Here, set down only the lines between the line that contains "Stříbrné náušnice luxusní" and the final line of the material, both included, exactly as written. Skip the pictures.

Supplied data START

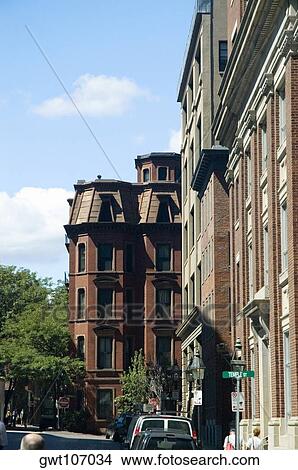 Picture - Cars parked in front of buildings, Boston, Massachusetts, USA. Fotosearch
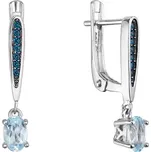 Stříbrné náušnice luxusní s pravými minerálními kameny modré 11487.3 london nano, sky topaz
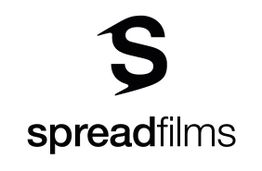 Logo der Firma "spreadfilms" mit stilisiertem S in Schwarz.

Supplied data END

Response to the exercise »
 Stříbrné náušnice luxusní s pravými minerálními kameny modré 11487.3 london nano, sky topaz
 Logo der Firma "spreadfilms" mit stilisiertem S in Schwarz.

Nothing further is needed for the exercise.